Don't jump into the NoSQL pool, unless you need too. SQL RDBMS's still provide the an excellent solution to most data storage and retrieval issues.

Tuesday, April 3, 2012

Valid vs Accurate

If I were to tell you to guess my electric bill from the following two choices, $146.78 or $150.00, which would you chose? I'd bet the a majority of readers would chose the former rather than the latter because it wasn't a 'round' number, and what are the odds that an electric bill would be a round number like 150. Of course the truth is my electric bill is just as likely to any number with a reasonable range as any other, but that 150 doesn't look right, why, because it looks inaccurate. Why does it look inaccurate, well because it doesn't appear valid. But in reality you cant assume a value is accurate because it appears valid.  In fact, you you need to separate the two concepts from each other when you look at data.

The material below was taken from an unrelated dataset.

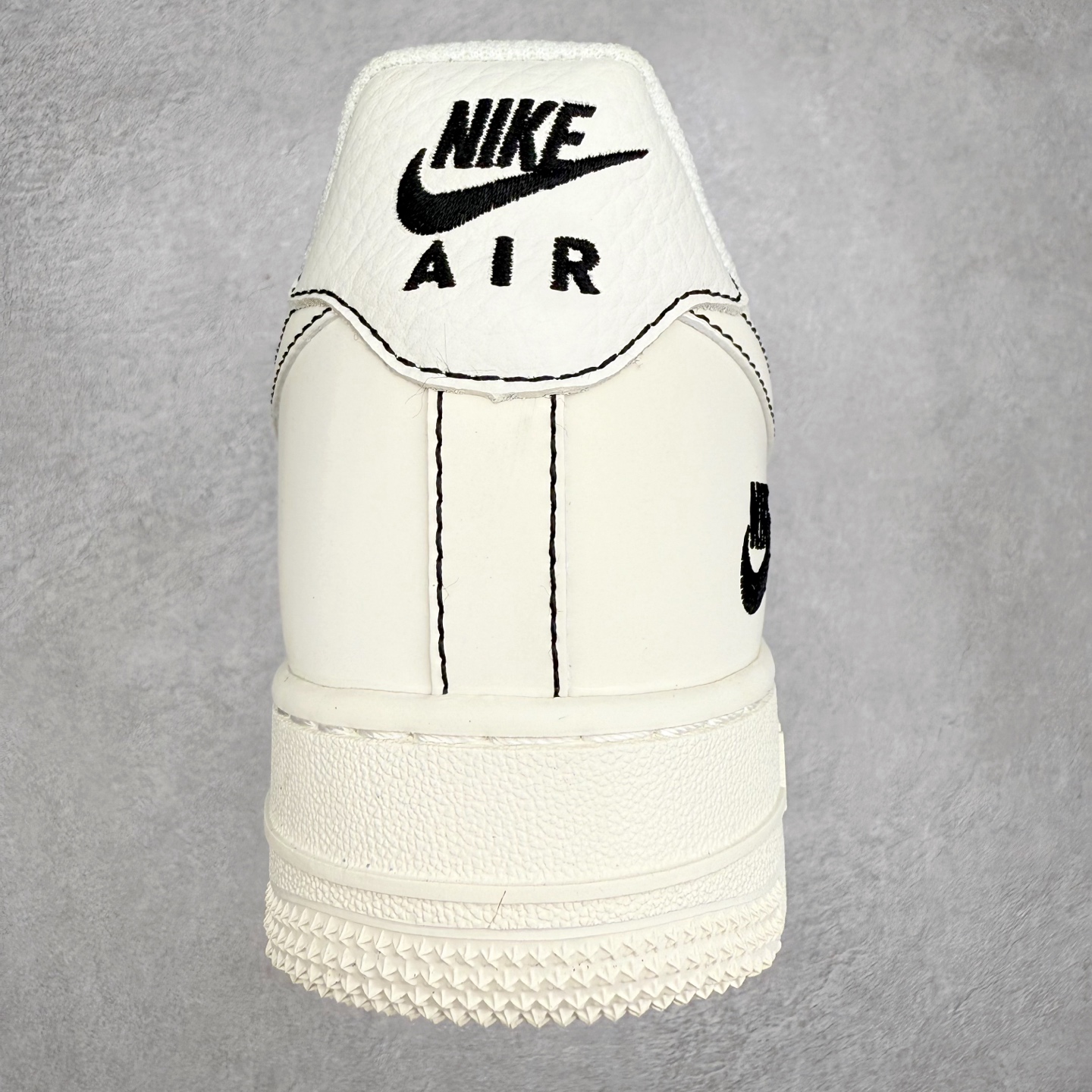 图片[8]-NK Air Force 1´07 Low 空军一号低帮百搭休闲运动板鞋 CS5288-032 柔软、弹性十足的缓震性能和出色的中底设计 横跨复古与现代的外型结合 造就出风靡全球 三十多年的Force 1 直到今天还深受青睐 实拍调校N版已经零色差零失真 百分百还原实物色彩所见即所得 不存在货不对板色差等低级问题 选购参考实物拍摄 不混卖不参货 只用心做好货严格选品 承诺混一赔十 尺码：36 36.5 37.5 38 38.5 39 40 40.5 41 42 42.5 43 44 44.5 45-选品中心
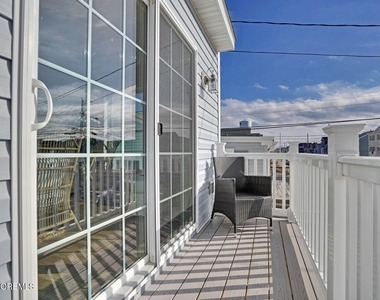 304 6th Avenue - Photo Thumbnail 12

Validity in terms of data, means that it fits fits the definition for a particular type of data, for instance, in the case of US dollars it is a decimal number with two places of precision after the decimal point, an US phone number with area code is minimally a 10 digit integer. The other notable  property of data validity is that it can be checked with a self contained rule, there is no need to compare it to outside data.

Accuracy, on the other hand, means the data is correct. For instance, the actual value of my electric bill. Accuracy has to be checked by comparison with an outside value, so accuracy checks cannot be self contained. While accurate data is usually valid it does not have to be. If my actual electric bill was 150, it could conceivably presented  as in integer instead of a decimal thus making it invalid.

When dealing with data, make sure that you deal with validity first, followed by accuracy. This is especially true with weakly typed languages and variant data types.